Sort of unrelated to this is the idea of **internal covariate shift**, which is a fancy term for describing the issue where, when we have many layers of networks, because we're doing many matrix multiplications in between, the scales of our activations can get out of hand quickly. One effective solution from 2015 was **batch normalization**, which is basically an additional operation we insert in between layers (around the same location as ReLUs, where there's some minor discussion about whether it happens before or after ReLUs), where we normalize the activations of that layer to something that has mean=0 and standard deviation=1. This is not so different from the way that we often normalize variables first before doing analyses on them, in more standard statistical problems. BatchNorm not only significantly improved training by reducing internal covariate shift, but it also had some auxiliary benefits like adding some regularization, since the normalization was performed *per-batch*, which means the randomness of SGD provided some regularizing effect.

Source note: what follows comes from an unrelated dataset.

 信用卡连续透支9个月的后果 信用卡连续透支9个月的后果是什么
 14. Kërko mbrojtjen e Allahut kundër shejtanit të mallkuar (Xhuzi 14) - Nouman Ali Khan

So back to SELUs. The authors (by the way, Sepp Hochreiter is the co-creator of the LSTM) basically asked "is it possible to have an activation function that encourages activations to look statistically like standard normals, without any additional operations?" In other words, can we get something BatchNorm-like, without having to go through BatchNorm and just using a different activation function?

The answer is yes. That's SELU.

$$ \text{SELU}(x) = \lambda \begin{cases} x, &\text{if }x>0 \\ \alpha e^x-\alpha, &\text{otherwise} \end{cases} $$Through some math (a 90-page appendix!), they show that this has exactly the properties we want, for the right values of $\lambda$ and $\alpha$. Now what are those values? It turns out they're:

$$ \alpha = 1.6732632423543772848170429916717 \\ \lambda = 1.0507009873554804934193349852946 $$(Don't worry, there *are* closed form solutions for them!)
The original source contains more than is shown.